Darryl and Chavez Miller appear in court on human trafficking charges after police say they sold five women for sex at their home on Mandeville Street to pay off drug debts.
Daryl Miller, 31, entered a no contest plea in Genesee County Circuit Court. It is not an admission of guilt, but is treated as one at sentencing.
"He was the ring leader of this human trafficking ring that basically tortured women, coerced them into providing sex," Genesee County Prosecutor David Leyton said.
Miller is accused of orchestrating a sex trafficking and prostitution operation from his home in 2015. He and his brother, 30-year-old Chavez Miller, violently abused five women and forced them into prostitution so they can pay off drug debts, according to Leyton.

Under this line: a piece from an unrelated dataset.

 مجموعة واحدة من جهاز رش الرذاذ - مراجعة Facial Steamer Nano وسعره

The Miller brothers allegedly assaulted the women, forced them to use drugs and sold them for sex.
The Flint Police Department discovered the operation while serving a search warrant for drugs on the Mandeville Street house. The FBI and Michigan State Police got involved to investigate the human trafficking claims.
“Human trafficking is a cruel reality we face not only in Flint and Genesee County but in many other communities in Michigan, throughout the United States and around the world,” said Leyton. “In recent years, human trafficking has really become a front burner issue and we are doing all we can to rid it from our communities.”

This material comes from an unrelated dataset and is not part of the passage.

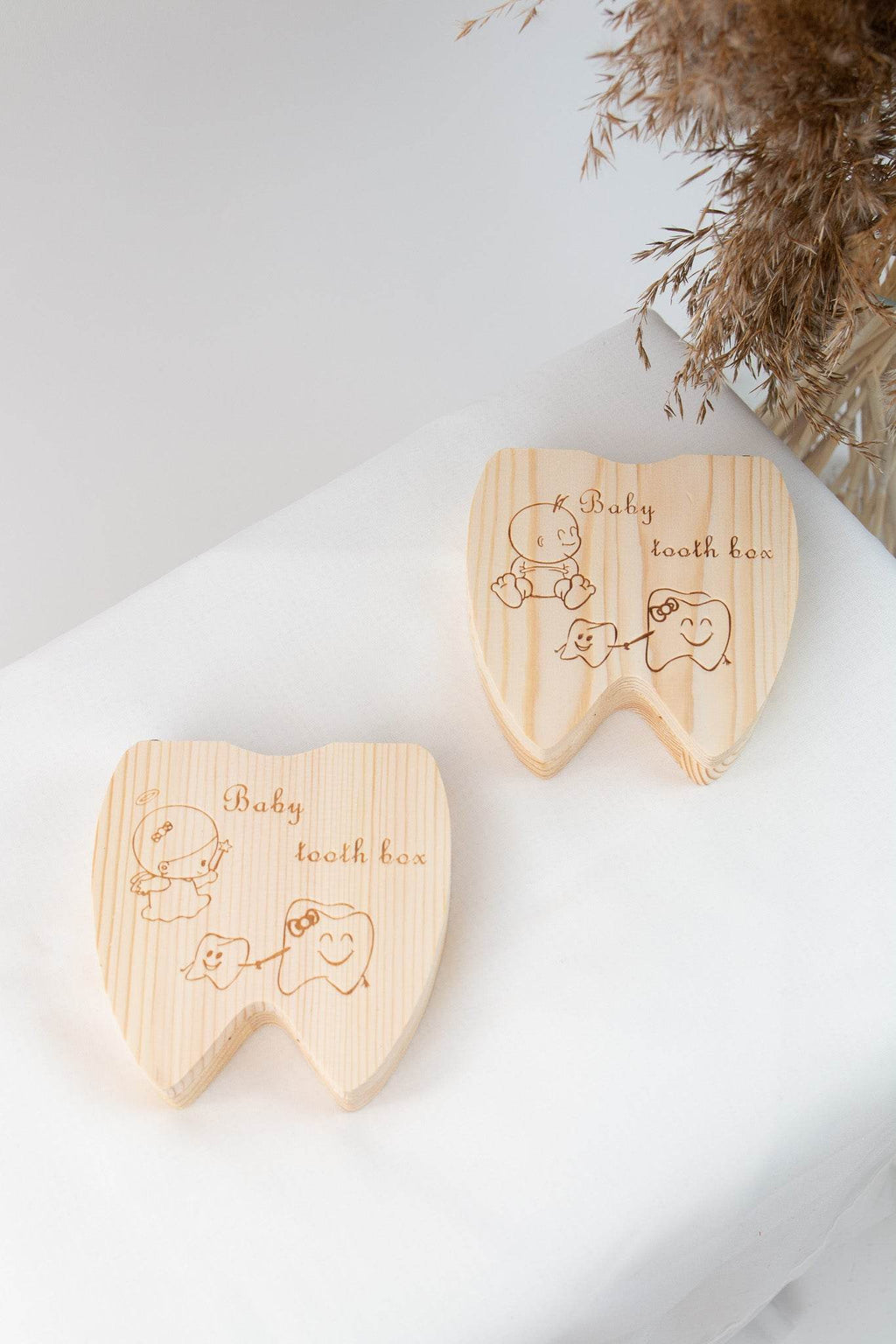 Baby Girl & Boy Tooth fairy Box - Minidreams Decor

Daryl Miller faces 13 to 30 years in prison under a plea deal when he is sentenced on Sept. 9. Court records show Chavez Miller's case, which involves similar charges to his brother, is headed to trial next month.
"Pleas are final, pleas give closure to cases, pleas cannot be appealed," Leyton said. "The case is over, the door is slammed shut on this fellow for at least 13 years."
While the investigation is ongoing, Leyton said it is not believed there are any more victims.
“There is still much work to be done and we will remain vigilant in our efforts, standing up for victims and fighting human trafficking in all its forms,” Leyton said.